On l’attribue avec assez de vraisemblance à Alphonse Allais.
Jacques Porel est venu avant-hier soir, portant une valise à ton chiffre que tu lui as donnée jadis, dit-il. Jusqu’à son départ, ce matin, il n’a pas cessé de parler, entrecoupant son discours d’exclamations comme : « mâtin ! » et de nombreux pets labiaux. Je suis allé avec lui voir Jean Godebski à la Marine. On a raconté ceci de Misia.

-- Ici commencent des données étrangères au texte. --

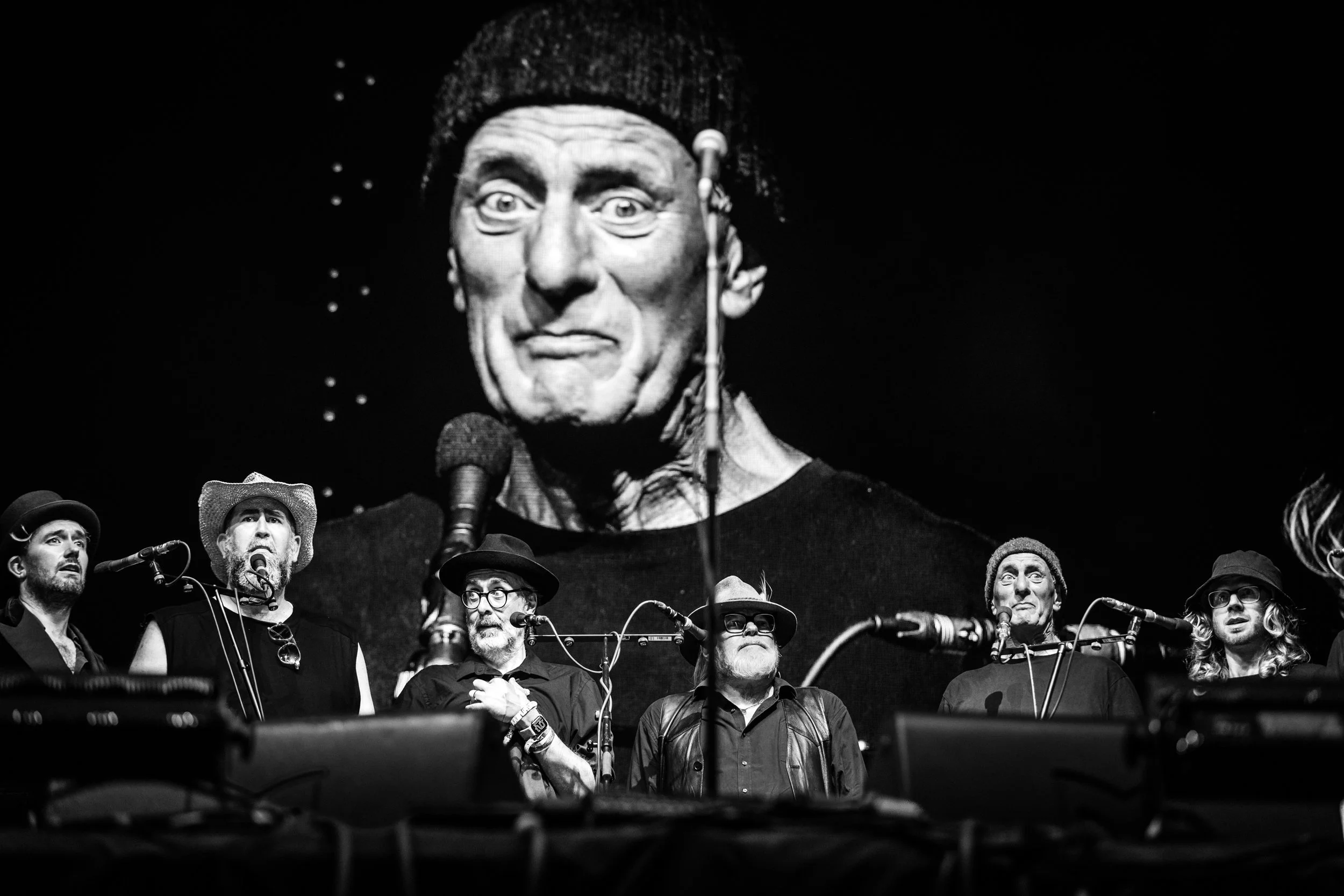 Black and white image of a group of men on stage, with a large screen behind them displaying a close-up of a man's face. The men are wearing hats and glasses, and appear to be singing or performing.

La veille de sa mort, elle agonisait, le Dr de Gennes venait de sortir de la chambre, elle a demandé à son infirmière : « Tu es mariée ? » « Non, Madame. » « J’ai un mari pour toi. » « Qui ça, Madame ? » « Le Dr de Gennes, c’est un con, tu feras de lui ce que tu voudras. » Le portrait de Misia par Renoir est accroché au mur du Salon de la Marine. C’est une admirable peinture et c’est ainsi que Misia était la première fois que je l’ai vue, chez Vallotton, vers 1910. Jean a aussi une petite tête de Misia par Vuillard, très ressemblante.
Ma Louise, la mélancolie ne refroidit pas mon cœur, comme tu le crains ; mais je languis. L’amandier fleurit sur la tombe de mon grand Mousco disparu. J’attends tes lettres.
Adieu, ma Louise chérie, je t’envoie beaucoup de baisers amoureux.